I did eventually find some lesbian friends. I didn’t know they were lesbians, though, until much later. I thought that laughing about tits and hugging in tears was all quite normal for jock girlfriends. There were no lesbians in those days. There were old maids and tomboys. I qualified as a tomboy because I had no boyfriend. My brother had convinced me that I was an ugly scab. In grade eight, when I finally started to grow, I became a jock because boys weren’t an option for me. I hung out with other jock girlfriends. Some of them had boyfriends, but there were lots of us who didn’t.

My first drinking experience took place with a gang of my sports friends. I was in basketball, volleyball, track, fastball, tetherball, all of it. This was my world. My high school was located just outside the edge of my neighourhood and I was living it all. We somehow aquired a six pack of Standard Lager and went to Barb’s house, way out of Shaughnessy Heights, past Redwood in one of those really old houses that were scrunched together, before you hit Mountain. After we had drunk some beer, Barb went ballistic and started going on that there was no God and that men were weasels. And the other girls were all with her and I was trying to convince her that God was good, but I simply lost the battle. I puked and somehow got home. The next day I realized that they were lesbians, lezzies, they were called back then. It didn’t matter to me. I was very upset about her loss of belief in God and not at all upset about their gayness. After that I easily recognized my gay friends. But it was never mentioned. There was no phobia about it.
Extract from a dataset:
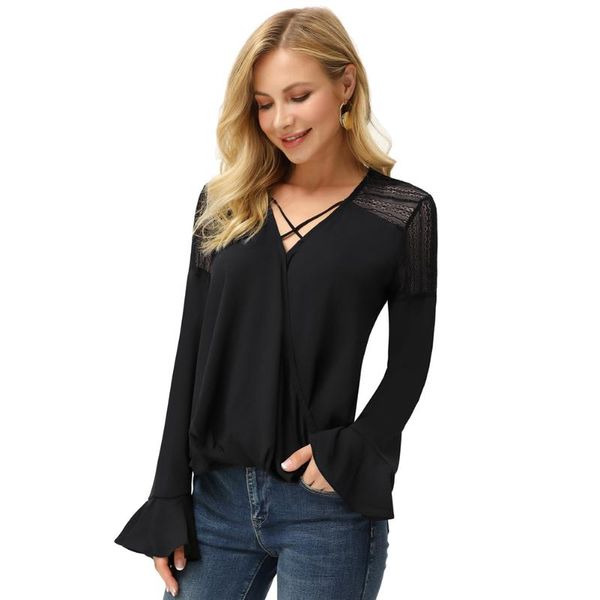 women's shirts and surplice front leopard print lace patchwork long sleeve cross v-neck loose fashion blouse elegant blouses &, White
women's shirts and surplice front leopard print lace patchwork long sleeve cross v-neck loose fashion blouse elegant blouses &, White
Several years later when I was back in Shaughnessy Heights visiting my folks, showing off my first born, I found out that Sharon, my summer camp friend from the West End, was living just a half block away in one of the slab homes. This was the friend, who was so interested in testing which girl’s breast could hold a pencil or a hair roller or a soup can beneath it. Needless to say, mine held nothing. There was no droop whatsoever. What an athlete Sharon had been, right up to the university level, until she buggered up her pinky in a motorcycle accident. They fused it in the tea-cup position. I guess you can’t make set-shots with a fused pinky.

I wandered up to the house where she was staying, knocked, and entered right into the front room. There were no front hallways in slab homes. I sat on the chesterfield and they called from the back hall to say they’d be right there. Out came two young heavy-breasted women, my age, wearing only t-shirts and panties, and they were very giddy. They had come right out of the closet and into my face.
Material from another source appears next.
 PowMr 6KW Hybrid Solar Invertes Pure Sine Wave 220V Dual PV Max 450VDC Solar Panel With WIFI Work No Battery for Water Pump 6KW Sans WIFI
“You are married?” Sharon asked. “Why?” I admitted I wasn’t sure why, just that it seemed like time. They made me feel the fool for my choices.


I found Sharon one more time after that. We met for a drink in Osborne Village. She was a computer programmer. Today I can’t find her anywhere. Not on Facebook. Not on Google. I do miss her. My favourite memory of Sharon involved an incident that happened back in our wartime house. My parents had left us alone for the weekend, so it was time for the party. Sharon came over in the midst of it and my brother’s friend, Bob, drunk out of his mind, tried to seduce her at the bottom of the stairs. In a wartime house, the stairs go up on a corner making the bottom almost like a chaise longue. She was just around the corner hugging the banister and sitting on step five, and he was sprawled at her feet, mumbling lovely enticements to her. She was loving it.

“He’s sucking my toe! He’s sucking my toe!” She reminded me of the toe-sucking moment when I visited her and her girlfriend that day. It meant a lot to her.

2 comments:

Callipygian Lass said...

Remember Femmedia? I didn't know that there were lesbians in the group until I had moved away from Brandon. Weird, eh? In the end, it was Chris who inadvertently let the cats outta the bag. He thought I was crazy.

Nancy-Ellen McLennan said...

Sure! Most women aren't wierded out by gay women. Homophobia seems to me more of a male malady. Do you agree?